• **Exercise**:
Every line of the data below should be retyped exactly.

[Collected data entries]
══════

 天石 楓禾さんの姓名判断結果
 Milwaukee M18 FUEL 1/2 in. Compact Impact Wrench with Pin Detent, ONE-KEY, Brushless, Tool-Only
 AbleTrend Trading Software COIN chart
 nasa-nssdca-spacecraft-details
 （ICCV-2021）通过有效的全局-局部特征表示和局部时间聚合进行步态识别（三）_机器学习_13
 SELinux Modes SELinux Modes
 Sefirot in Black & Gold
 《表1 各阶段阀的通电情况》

══════

• **Result for this task**:
 天石 楓禾さんの姓名判断結果
 Milwaukee M18 FUEL 1/2 in. Compact Impact Wrench with Pin Detent, ONE-KEY, Brushless, Tool-Only
 AbleTrend Trading Software COIN chart
 nasa-nssdca-spacecraft-details
 （ICCV-2021）通过有效的全局-局部特征表示和局部时间聚合进行步态识别（三）_机器学习_13
 SELinux Modes SELinux Modes
 Sefirot in Black & Gold
 《表1 各阶段阀的通电情况》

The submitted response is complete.